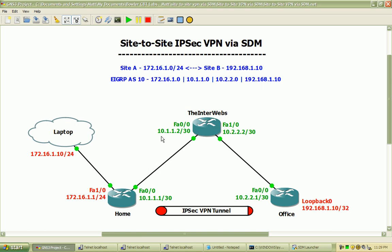Everything in green is just basic configuration for routing, and we are routing using EIGRP autonomous system 10. Routing will be enabled across these four networks. Our site A is on the home router with the 172.16.1.0/24 network, and site B will be on the office router with the 192.168.1.10 address as loopback 0.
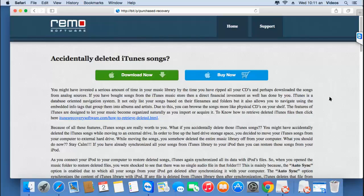Hey there! Have you deleted purchased iTunes songs from your Mac? Then don't worry — I have this recovery software which is specifically designed to recover purchased iTunes songs which were deleted from your Mac OS. Just download this iTunes recovery software by visiting this link and hitting the download now button to download this software on your Mac.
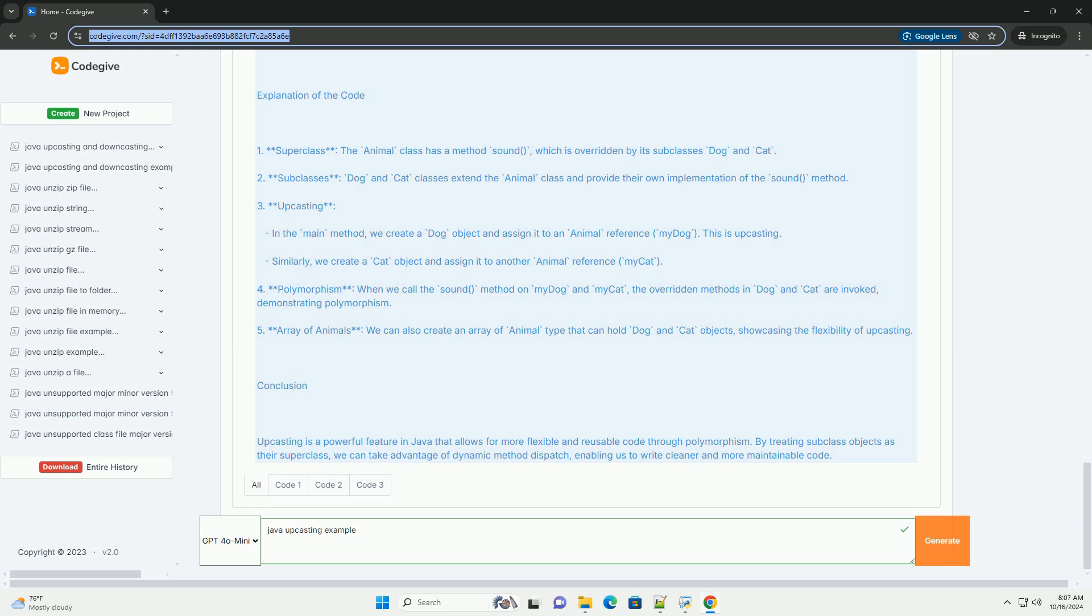4. Polymorphism: When we call the sound method on myDog and myCat, the overwritten methods in Dog and Cat are invoked, demonstrating polymorphism.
□ □ □ □ □ □ □
**AIM OF THE EXERCISE:**
Starting with the line that contains "Hey there! Have", give the lines again exactly as they appear through the last line of the data, pictures excluded.

**ANSWER TO THIS TASK:**
Hey there! Have you deleted purchased iTunes songs from your Mac? Then don't worry — I have this recovery software which is specifically designed to recover purchased iTunes songs which were deleted from your Mac OS. Just download this iTunes recovery software by visiting this link and hitting the download now button to download this software on your Mac.
4. Polymorphism: When we call the sound method on myDog and myCat, the overwritten methods in Dog and Cat are invoked, demonstrating polymorphism.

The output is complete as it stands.